We hit Flagstaff in time for lunch, promptly spent far too much on food at Sprouts, and spent the next 30 minutes eating and trying to figure out how to fit all the food that we’d collectively bought into our bags. I never learn.
It was a slow and heavy climb out of Flag on some beautiful trails. Riled up by a crazy person that we had to deal with in Flag, my stomach was a knotted up mess. Luckily the trails were so good that I soon forgot about the incident, the stomach started digesting, and we were soon climbing up towards the San Francisco Peaks to check out the snow level.
Around 8k, we found snow. And aspens. And beautiful climbing temperatures and protection from the wind that had pounded us the day before and all morning.
With snow on the south side of the peaks, we bailed down to Hart Prairie road for a lower elevation way around the peaks. We were racing sunlight to get to a low elevation for warmer temperatures and protection from the wind.
The day had been forecasted for 30+ mph winds out of the south west. The following day was to be even worse, gusts of 50 mph. We raced the growing shadows, eventually descending to an elevation that stopped feeling like winter. Finding a small grove of healthy trees in a forest of partially burned trees (sketchy!) was the best we could do and we settled down to try to cook dinner and survive the night. It was cold. My tootsies were not happy with me.
Another hour of daylight would have taken us down to Kansas, but now we faced the final 1,000 feet of descending in the morning. It was cold. Again, my tootsies were not happy. And windy. We’d gotten up early in hopes of knocking out the westward sections of the trail before the wind was supposed to intensify in the afternoon. It was blowing a steady 30 when we got up. It never got better. It never got worse. At least we got an early start.

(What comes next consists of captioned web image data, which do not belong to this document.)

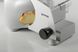 Ломтерезка (слайсер) Gorenje R607A 464452ua фото 5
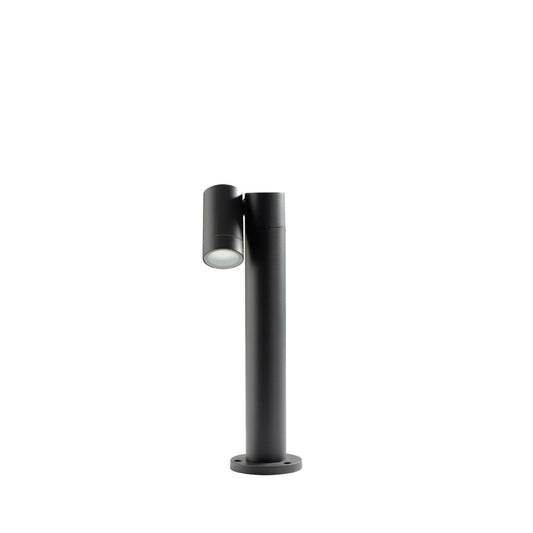 Ges1120 — Paletto da esterno a LED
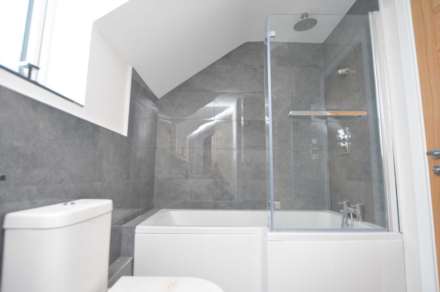 Aylesbury Street, Fenny Stratford, Image 5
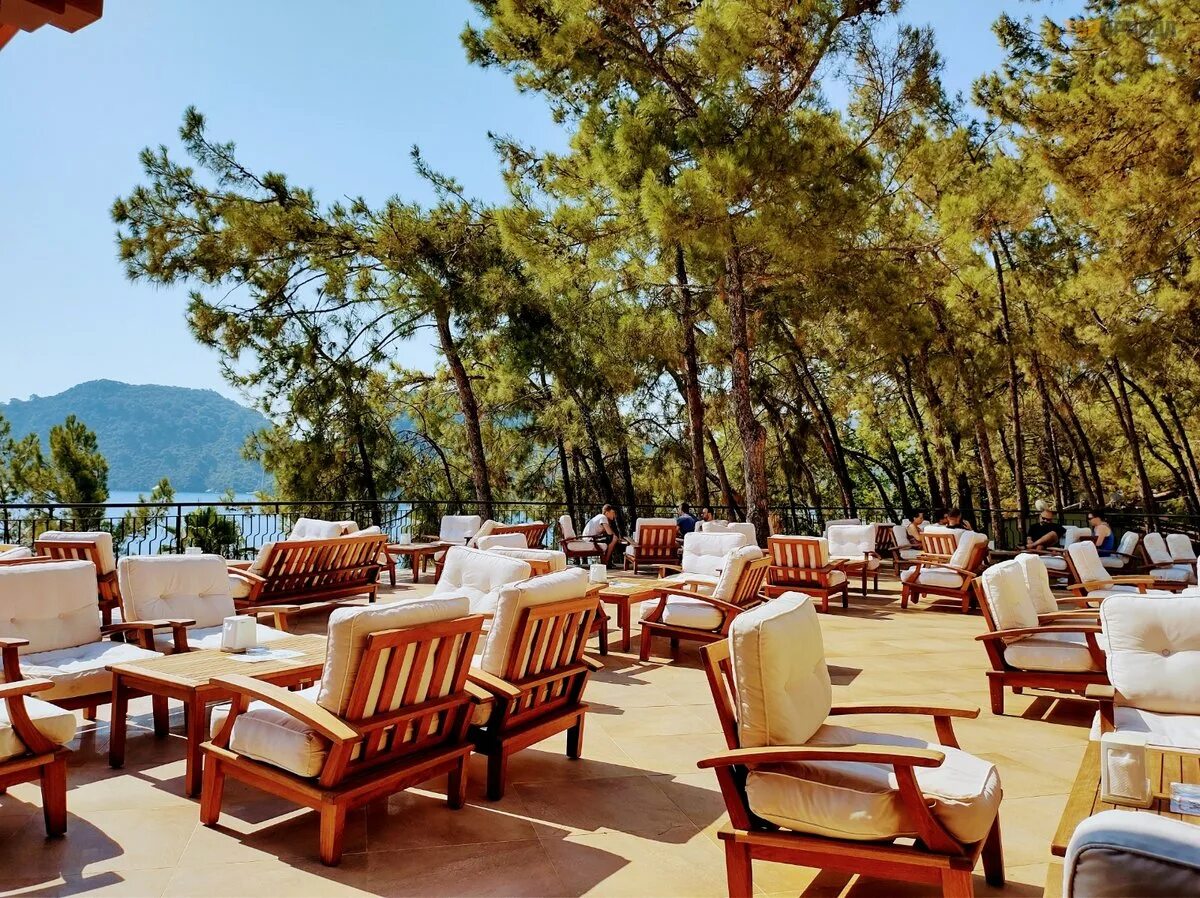 Мармарис парк отель 5 звезд. Мармарис отели с водными горками. Мармарис парк отель турция. Турция отель мармарис парк 4. Мармарис парк отель 5 звезд.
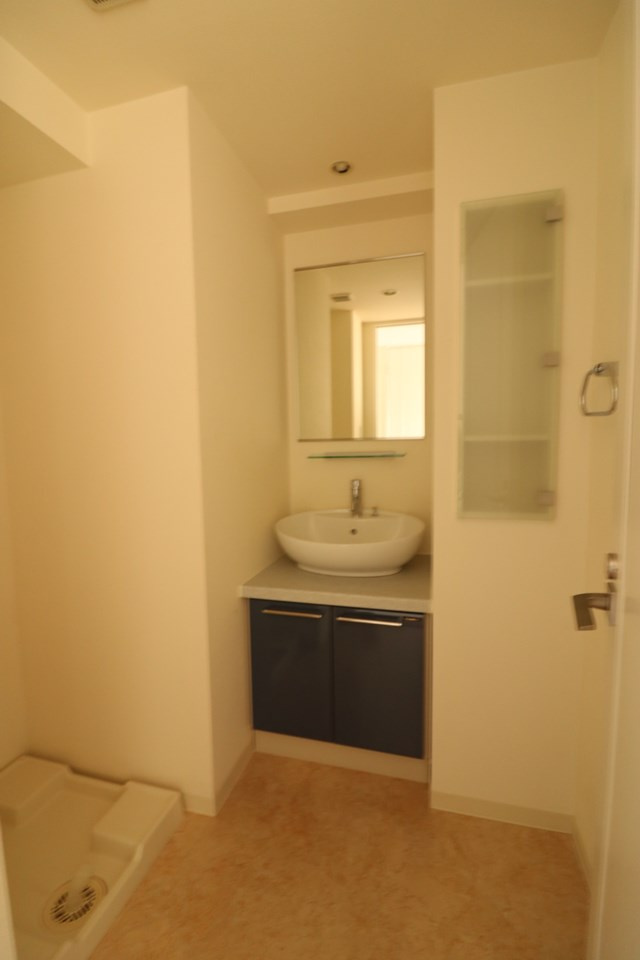 ※同間取り別部屋参考写真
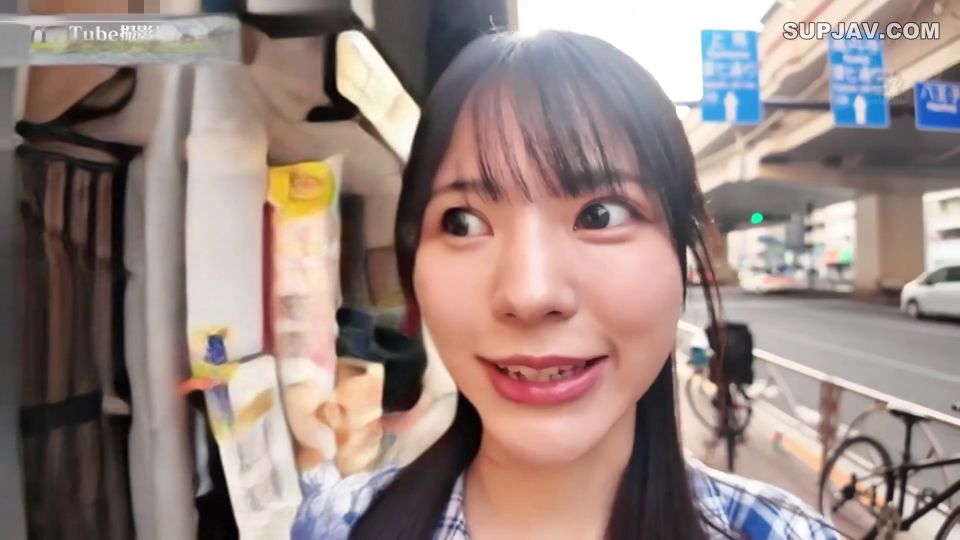 ReducingMosaic SONE-905 「えっここでヤルの？」密かな変態性がシコい！浅野こころのプライベートに完全密着！隙あらばいきなり即ズボッ大絶頂！前代未聞ドッキリAVドキュメント （ブルーレイディスク）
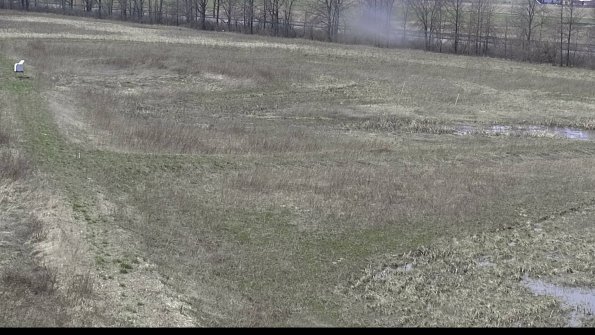 capture-5-23-04-10_14-46-55-85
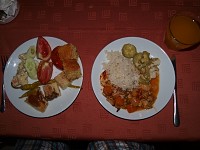 M�stn� ve�e�e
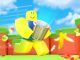 Garbage Collector Simulator Codes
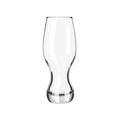 Mikasa Hospitality (Lifetime Brands, Inc.) O-1006411 Glass, Beer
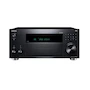 Miniatura de Receptor AV Onkyo TX-RZ50 9.2 Canales Negro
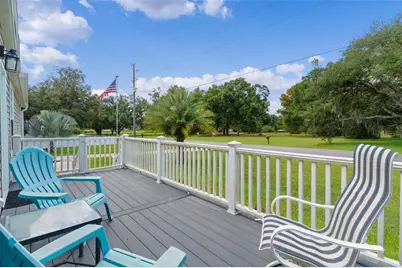 40316 Grays Airport Road, Lady Lake, FL 32159 - Photo 35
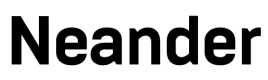 Neander
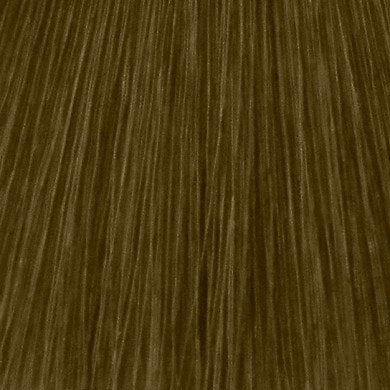 וולה קולסטון פרפקט צבע לשיער WELLA KOLESTONE PERFECT 60 מ"ל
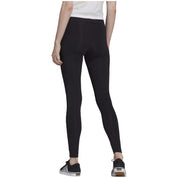 Mallas Deportivas Adidas  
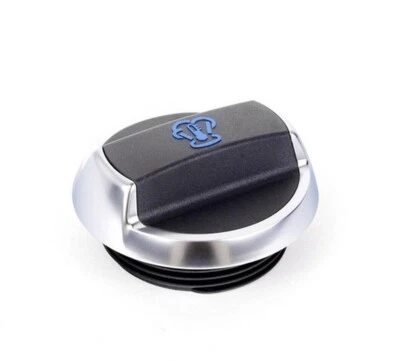 PORSCHE 911 TAPÓN DEL REFRIGERANTE VAG Audi Seat Skoda VW 1.8T 2.0T TDI FSI PCC - Imagen 1 de 4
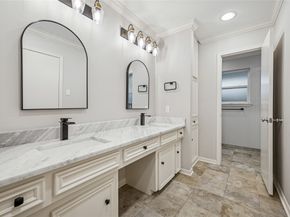 10818 Olympia Drive, Houston TX 77042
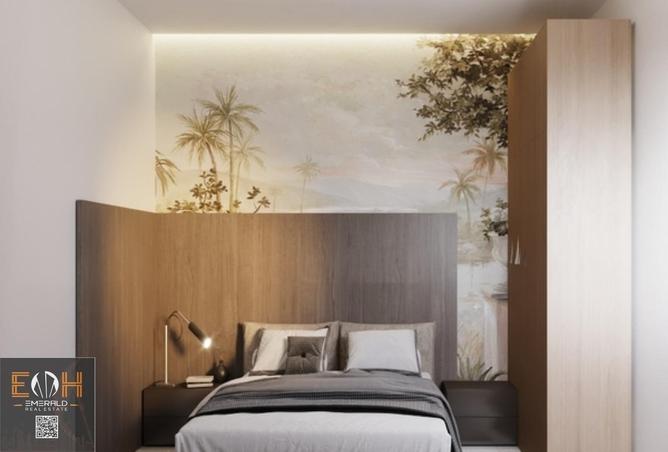 8538132 - الصورة الرئيسية للعقار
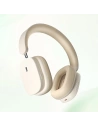 Wholesale Baseus Bowie H1 Wireless Headphones Bluetooth 5.2 ANC gray - BSU3441GRY - {ean13} - Hurt
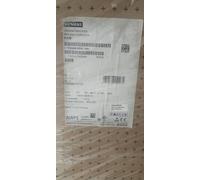 New Siemens 6SE6440-2UD41-1FA1 Inverter 6SE64402UD411FA1 Expedited Shipping/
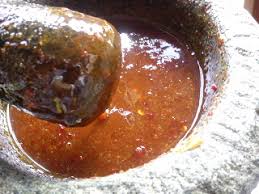 Resepi Bubur Ayam Kelantan A Wagon R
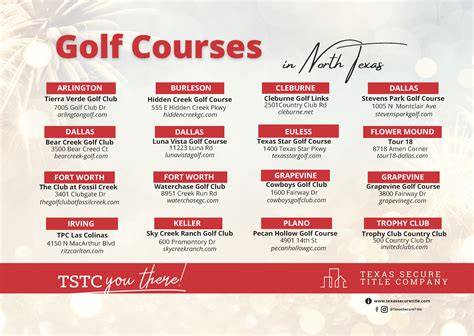 university of texas golf club 3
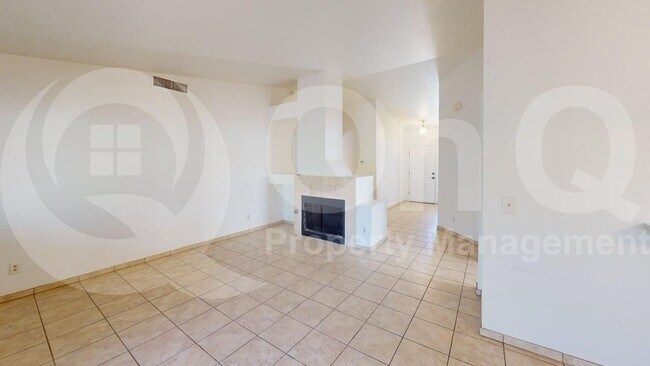 Building Photo - 8488 N Winchester Creek Dr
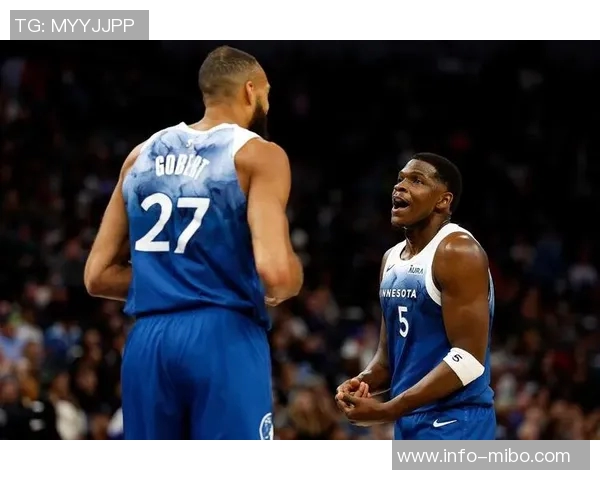 灰熊逆袭战胜森林狼勇士战绩不稳追平对手陷入困境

The sections of trail that went north east were amazing. Pedaling was optional. Any other direction…hold on for dear life. Scott found us a sneak through a dirt road that saved us a a couple miles of westward motion and we flew high on the small victory for the rest of the afternoon, or at least until we hit the trees at Moqui Stagestop and finally found shelter from the incessant howl.
Finally getting over halfway…
I have a thing for endless dirt roads. I think I’m sick that way.
Once in the trees, we filled up on water at Russel Tank, rode the Coconino Rim trail (delightful), and found ourselves at the Grandview trailhead. There’s a firewatch tower there that you can climb and Scott coaxed Miss. Team Vertigo about halfway up.
We got some beautiful views of the Big Ditch in one direction and could see all the way back to the San Francisco Peaks in the other direction. How far we’d come…how far we had to go.
The final 16 miles consisted of the Tusayn Bike Trail. Scott claimed that it descended 800 feet, so I took that to mean that it was all downhill. It wasn’t. But it was lovely nonetheless. We planned on staying the night in Tusayn, hoping that rooms there would be cheaper than at the South Rim, so when we got to town, we ate some overpriced Mexican food (the Horchata was the best I’d ever had though, so that almost made up for the prices) and found a off-the-beaten-path motel where the owner was stoked about the AZT.
We faced the canyon for the next two days. The question of the horsewomen from Day 1 still echoed in my brain: Can you do that? I mean, physically?
It was a fair question. While I’ll fess up to exactly 4 runs here in Tucson this winter (all of which made me deathly sore), the last ‘hike’ I’d done was down Oracle Ridge a year prior. Before that, I’d done some Sanita’s hikes in Boulder before the ITI. I’m not a hiker by choice. I was worried, but I was trying to be brave. Luckily, there was plenty of cable TV on to keep my mind off the inevitable while Scott played TrackLeaders on the iPad.
We slept early and well. I’d need every bit of energy I could get.